● Exercise aim: Please, without any pictures, set down exactly the part of the listing below that opens with the line containing "in Raffia Saint" and closes with the line containing "GLOBO LIGHTING LED".

● Input for this task:
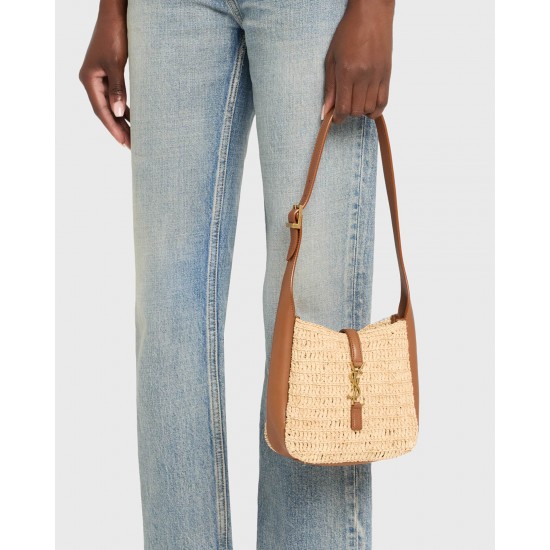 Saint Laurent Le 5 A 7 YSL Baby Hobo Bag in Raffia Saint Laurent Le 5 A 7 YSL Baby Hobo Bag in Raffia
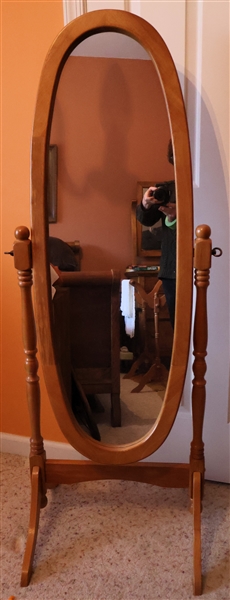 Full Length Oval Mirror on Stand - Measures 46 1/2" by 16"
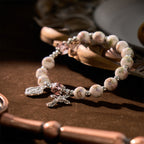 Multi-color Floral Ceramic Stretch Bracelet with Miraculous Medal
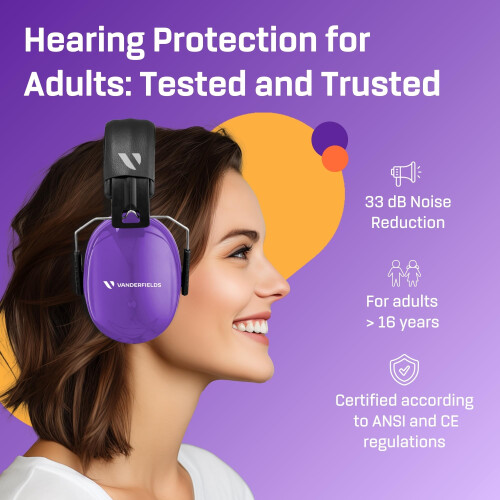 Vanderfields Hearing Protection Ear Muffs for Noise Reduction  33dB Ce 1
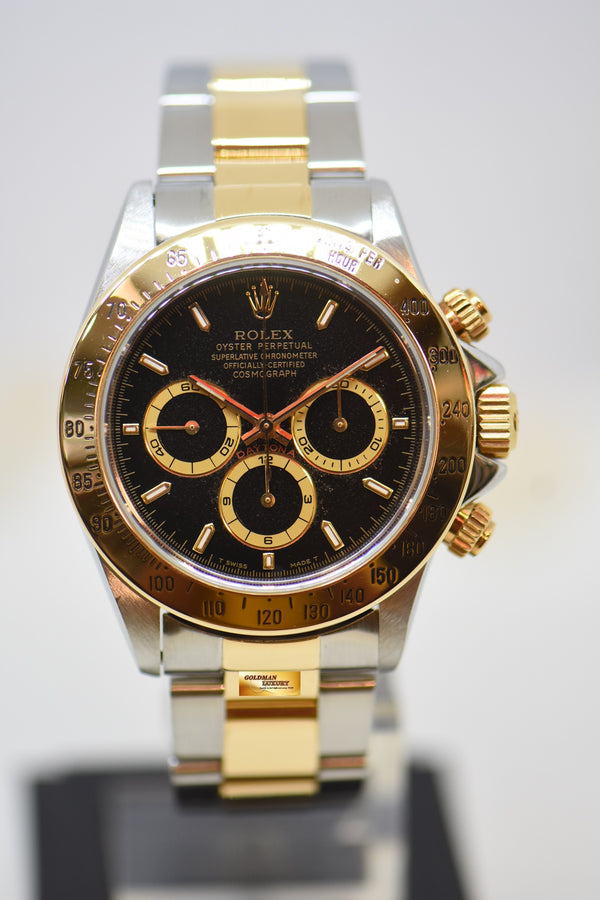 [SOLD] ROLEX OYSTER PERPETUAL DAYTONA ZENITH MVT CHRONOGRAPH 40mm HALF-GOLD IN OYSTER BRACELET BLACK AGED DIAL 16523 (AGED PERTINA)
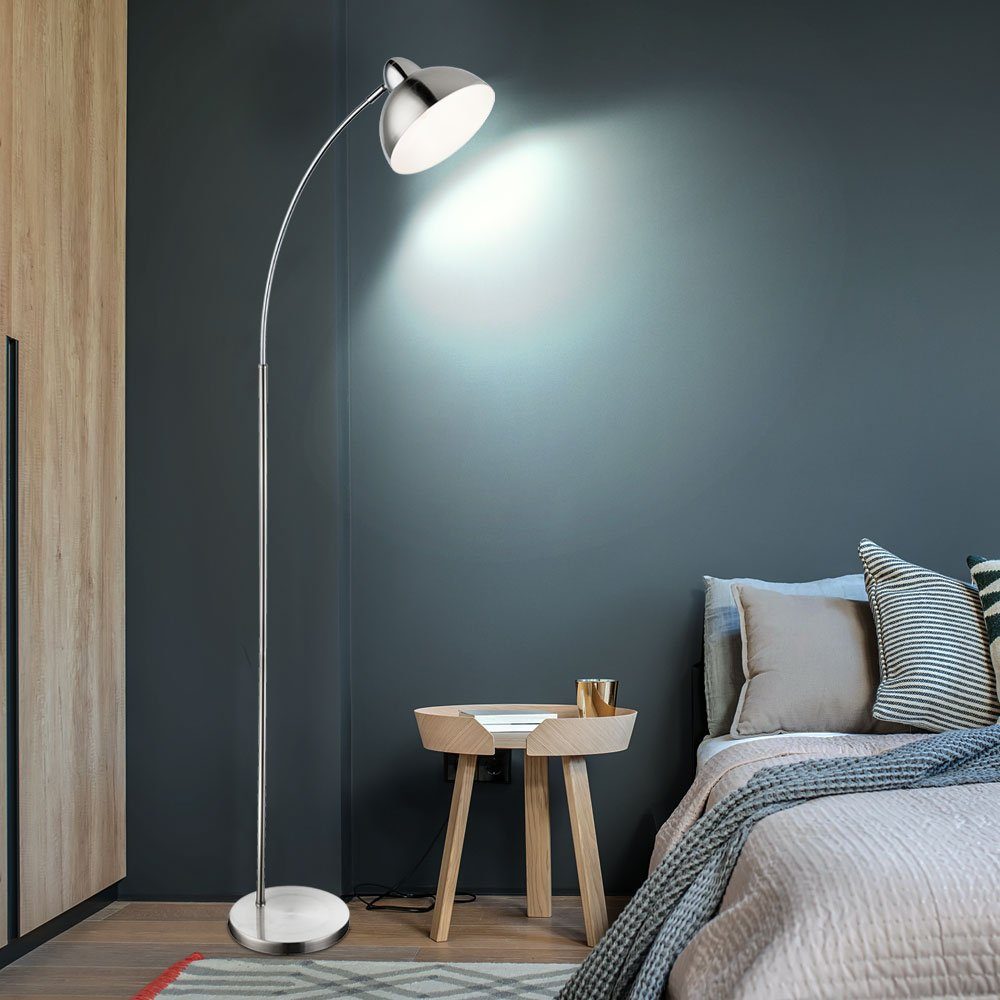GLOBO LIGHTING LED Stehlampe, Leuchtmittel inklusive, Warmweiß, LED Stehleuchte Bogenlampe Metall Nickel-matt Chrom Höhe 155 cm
==
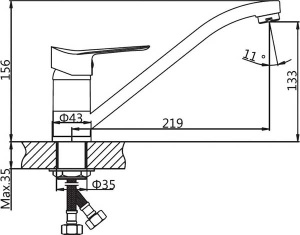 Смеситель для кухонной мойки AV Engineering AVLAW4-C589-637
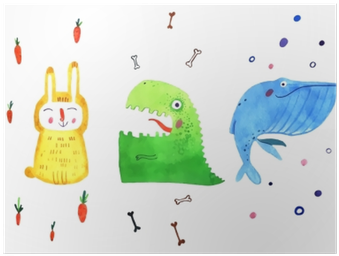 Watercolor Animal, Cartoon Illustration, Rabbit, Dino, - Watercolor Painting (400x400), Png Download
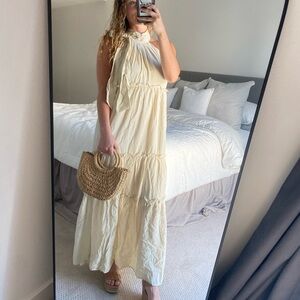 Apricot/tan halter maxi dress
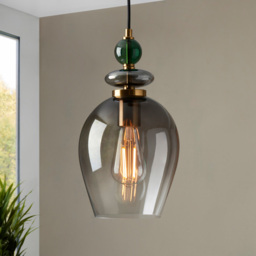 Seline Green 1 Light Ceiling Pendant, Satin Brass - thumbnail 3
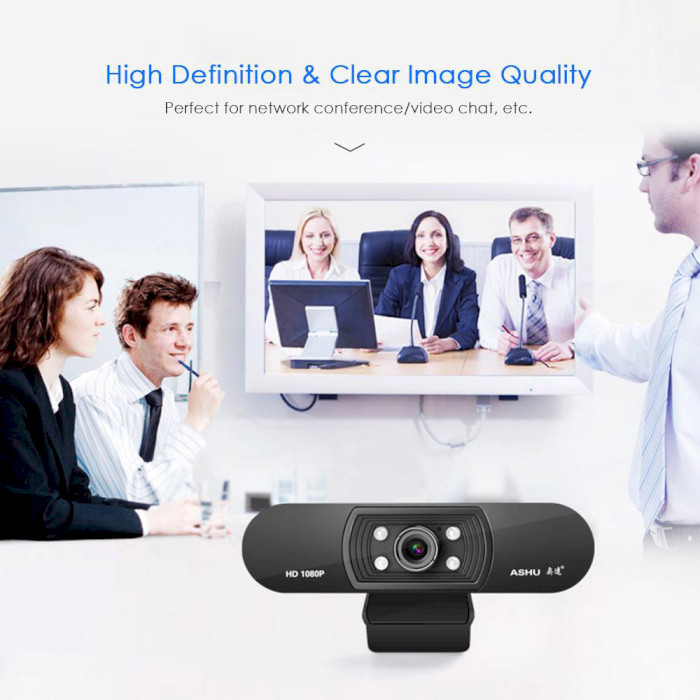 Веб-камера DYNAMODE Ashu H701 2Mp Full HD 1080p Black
==
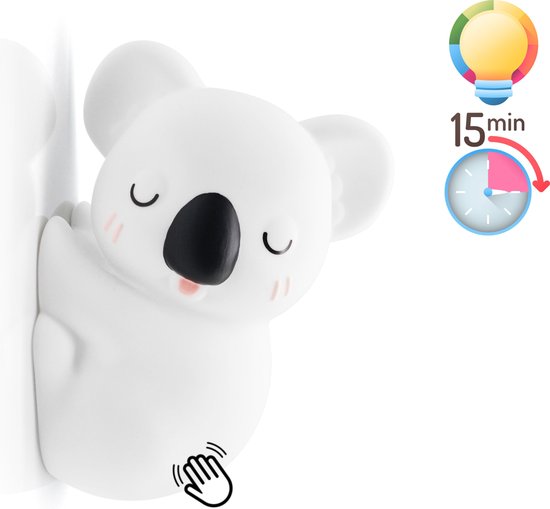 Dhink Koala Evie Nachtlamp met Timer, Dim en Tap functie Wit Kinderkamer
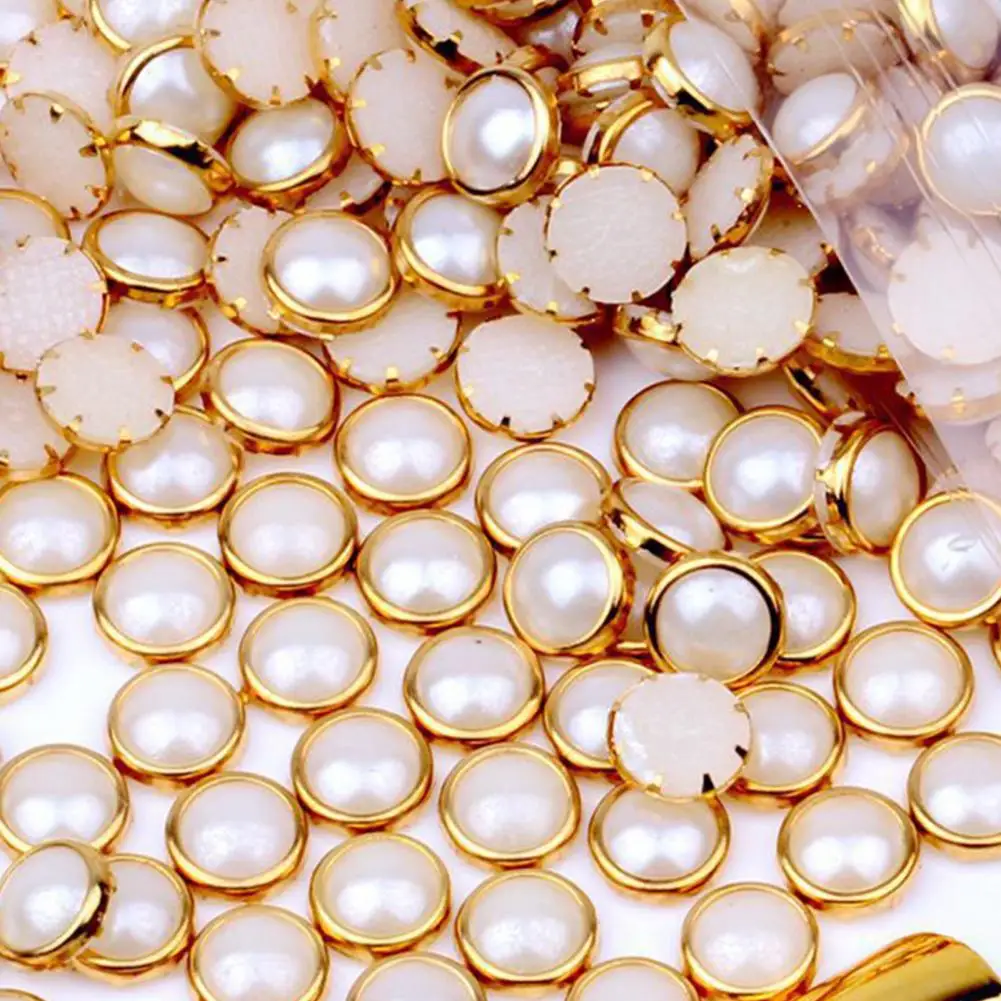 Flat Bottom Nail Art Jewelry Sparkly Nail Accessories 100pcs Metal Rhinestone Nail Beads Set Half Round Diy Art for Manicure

● Worked solution:
 Saint Laurent Le 5 A 7 YSL Baby Hobo Bag in Raffia Saint Laurent Le 5 A 7 YSL Baby Hobo Bag in Raffia
 Full Length Oval Mirror on Stand - Measures 46 1/2" by 16"
 Multi-color Floral Ceramic Stretch Bracelet with Miraculous Medal
 Vanderfields Hearing Protection Ear Muffs for Noise Reduction  33dB Ce 1
 [SOLD] ROLEX OYSTER PERPETUAL DAYTONA ZENITH MVT CHRONOGRAPH 40mm HALF-GOLD IN OYSTER BRACELET BLACK AGED DIAL 16523 (AGED PERTINA)
GLOBO LIGHTING LED Stehlampe, Leuchtmittel inklusive, Warmweiß, LED Stehleuchte Bogenlampe Metall Nickel-matt Chrom Höhe 155 cm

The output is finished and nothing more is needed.